But climate change is potentially a game-changer for the industry, which is why it was critical for Vinexpo to host its first-ever Symposium on the subject.
The gravity of the situation was underlined by the fact IMF Managing Director Christine Lagarde took time away from trade wars to introduce the event: “The time to act is now,” she said. “I hope the debates at Vinexpo Bordeaux will be fruitful, and you can deliver on the promise we have to make to future generations. We need to leave the planet as good as when we found it.”

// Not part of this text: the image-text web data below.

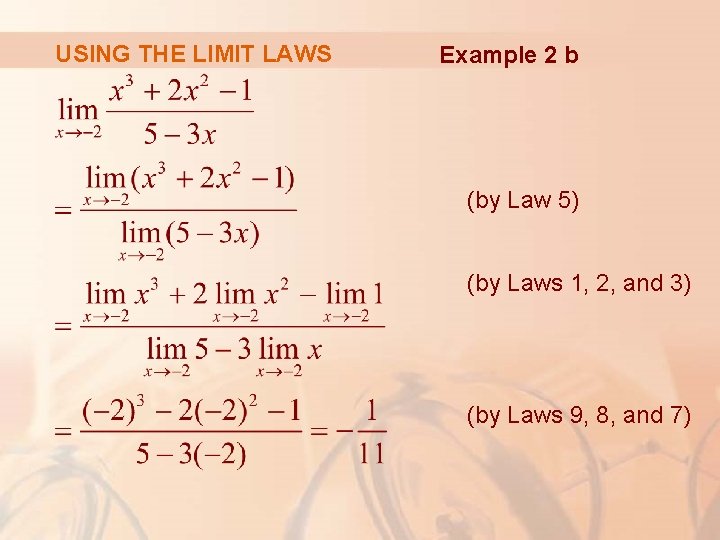 USING THE LIMIT LAWS Example 2 b (by Law 5) (by Laws 1, 2,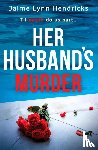 Hendricks, Jaime Lynn - Her Husband's Murder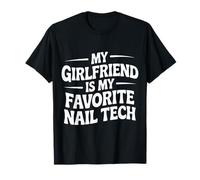 My Girlfriend is My Favorite Nail Tech Manicure Salon - T-Shirt
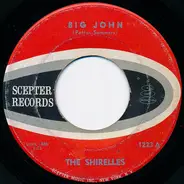 The Shirelles - Big John / Twenty-One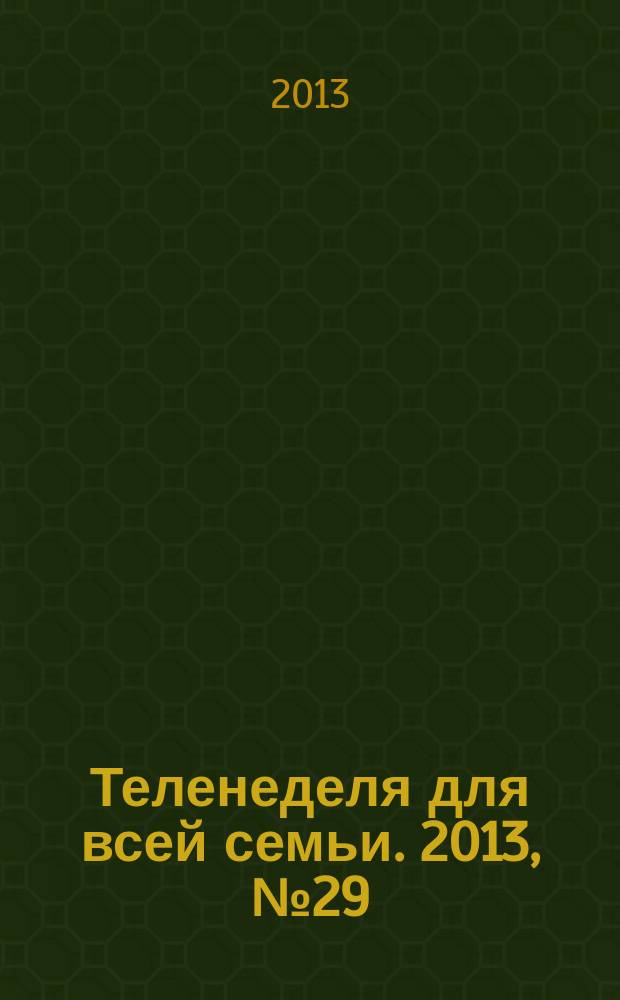 Теленеделя для всей семьи. 2013, № 29 (381)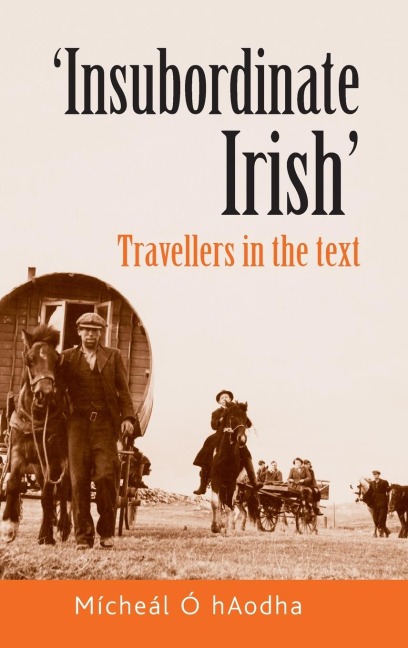 Insubordinate Irish: Travellers in the text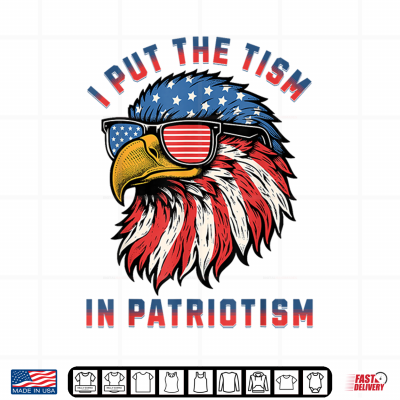 Design I Put The Tism in Patriotism Funny Autism Eagle USA Pride Shirt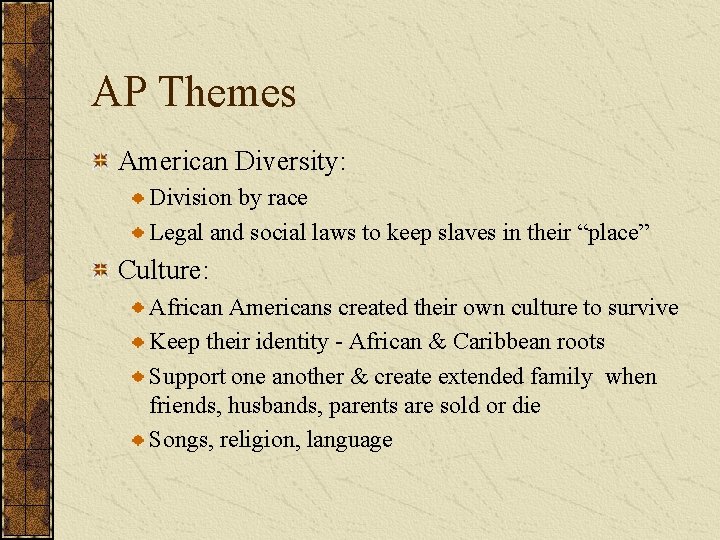 AP Themes American Diversity: Division by race Legal and social laws to keep slaves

Led by experts from a range of fields, the overriding message coming out of the Symposium is that there is a need for “a structural revolution”. Variations in alcoholic strength, acidity, aroma and aging potential, all potential side effects of climate change, could make it increasingly difficult for wine producers to deliver a product that is recognisably theirs. And it’s not just changes in the characteristics of wine that are a cause for concern. Unpredictable seasons, cold snaps, extended droughts/wet seasons and damaging storms are all factors that could make the delivery of a consistent crop much harder to control.
The wine and spirits industry can’t tackle climate change alone, but the Symposium was an urgent reminder that it has a key role to play through carbon reduction, biodiversity and organic farming techniques. Not to be overlooked either is that wine and spirits are an influential business that has the potential to be a champion on behalf of our planet through its partnerships and networks.